Fourth, the Enlightenment always existed in compromise with the deeply held Christian faith of the American people. The American Enlightenment was appropriated most often by the proponents of traditional Christianity. Philip's pursuit of self-improvement was impossible without his Presbyterian faith. His enlightened social world and the rural religious culture in which he was raised were often one and the same. During the eighteenth century some Christians began to believe that they could embrace relatively optimistic views of human nature, particularly in the realm of the human capacity for moral improvement, without abandoning their faith commitments. The Presbyterian Calvinism that Philip inherited provided the theological and moral resources for people to achieve the betterment of self and society. The formal and informal institutions that supported Philip's Enlightenment were all affiliated in one way or another with Cohansey Presbyterian life.

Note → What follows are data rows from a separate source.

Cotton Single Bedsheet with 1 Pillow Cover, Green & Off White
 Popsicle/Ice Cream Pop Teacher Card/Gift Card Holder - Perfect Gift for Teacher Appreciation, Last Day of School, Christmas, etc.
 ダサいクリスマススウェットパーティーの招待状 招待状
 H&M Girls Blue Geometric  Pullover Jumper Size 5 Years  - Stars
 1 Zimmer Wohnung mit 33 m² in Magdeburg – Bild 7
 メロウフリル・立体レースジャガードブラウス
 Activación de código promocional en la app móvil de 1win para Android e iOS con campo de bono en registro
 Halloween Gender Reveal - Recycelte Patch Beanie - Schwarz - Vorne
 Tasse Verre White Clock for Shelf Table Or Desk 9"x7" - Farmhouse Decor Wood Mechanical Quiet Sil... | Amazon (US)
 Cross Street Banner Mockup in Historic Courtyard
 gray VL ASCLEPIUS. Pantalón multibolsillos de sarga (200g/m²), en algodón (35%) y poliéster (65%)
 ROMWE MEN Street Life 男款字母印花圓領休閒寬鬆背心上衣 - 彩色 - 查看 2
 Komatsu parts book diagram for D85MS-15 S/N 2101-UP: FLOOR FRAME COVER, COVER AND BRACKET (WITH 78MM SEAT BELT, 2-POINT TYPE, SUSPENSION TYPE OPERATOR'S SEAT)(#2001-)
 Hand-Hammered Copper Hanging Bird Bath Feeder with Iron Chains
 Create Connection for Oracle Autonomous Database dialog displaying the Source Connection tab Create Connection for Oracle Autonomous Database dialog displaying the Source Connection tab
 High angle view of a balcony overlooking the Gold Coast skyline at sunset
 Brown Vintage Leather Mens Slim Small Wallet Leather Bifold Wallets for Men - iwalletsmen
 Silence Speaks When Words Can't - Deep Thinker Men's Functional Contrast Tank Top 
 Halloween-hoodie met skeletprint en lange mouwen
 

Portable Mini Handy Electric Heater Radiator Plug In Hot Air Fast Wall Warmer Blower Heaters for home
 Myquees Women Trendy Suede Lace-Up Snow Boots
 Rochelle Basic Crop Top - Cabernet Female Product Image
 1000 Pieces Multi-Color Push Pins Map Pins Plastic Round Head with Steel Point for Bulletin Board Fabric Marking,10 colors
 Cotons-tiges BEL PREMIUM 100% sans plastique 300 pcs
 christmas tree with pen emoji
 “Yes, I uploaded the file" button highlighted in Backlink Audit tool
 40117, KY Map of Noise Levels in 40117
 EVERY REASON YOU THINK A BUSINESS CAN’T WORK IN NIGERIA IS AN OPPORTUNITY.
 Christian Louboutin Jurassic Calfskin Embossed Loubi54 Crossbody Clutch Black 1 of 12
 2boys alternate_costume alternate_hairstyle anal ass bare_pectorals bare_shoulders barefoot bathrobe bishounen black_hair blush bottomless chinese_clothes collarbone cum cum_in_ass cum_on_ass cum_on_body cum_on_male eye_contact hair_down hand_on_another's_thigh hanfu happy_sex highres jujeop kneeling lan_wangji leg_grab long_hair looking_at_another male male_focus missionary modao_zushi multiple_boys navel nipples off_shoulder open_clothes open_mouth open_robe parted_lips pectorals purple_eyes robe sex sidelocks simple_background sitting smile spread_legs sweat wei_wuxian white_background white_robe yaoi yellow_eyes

Philip's "way of improvement" was by no means a smooth one. His passion for "home," which I use broadly in the title of this book to encompass not only his longings for his Cohansey homeland but also his desire for a friendship with his future wife (who lived in Cohansey), and his deep sense of evangelical Calvinist piety (which informed the culture of Cohansey and his Christian calling to the ministry) frequently got in the way of his attempts at Enlightenment self-improvement. In the messiness of everyday life the Enlightenment ideal was often impractical. It demanded a style of living that only a handful of elite intellectuals could attain. Max Hilbert Boehm, writing in 1932, reminded us that cosmopolitanism has always existed in "compromise with nationalism, race consciousness, professional interests, caste feeling, family pride, and even egotism." However, it is precisely these tensions that make Philip's story so interesting. His attempt at easing them is the focus of this book, the very essence of what I have described as Fithian's "rural Enlightenment." My study of this ordinary farmer argues that an Enlightenment life was complex and complicated. It could be lived locally—even in rural and remote places where the dominant social institutions were churches, where modern and naturalistic explanations of the world often merged with theological convictions held by people of faith, where the lines between ambitious self-improvement and Christian vocation might sometimes be blurred, and where circles of friends improved themselves through conversation amid the regular demands of the agricultural calendar.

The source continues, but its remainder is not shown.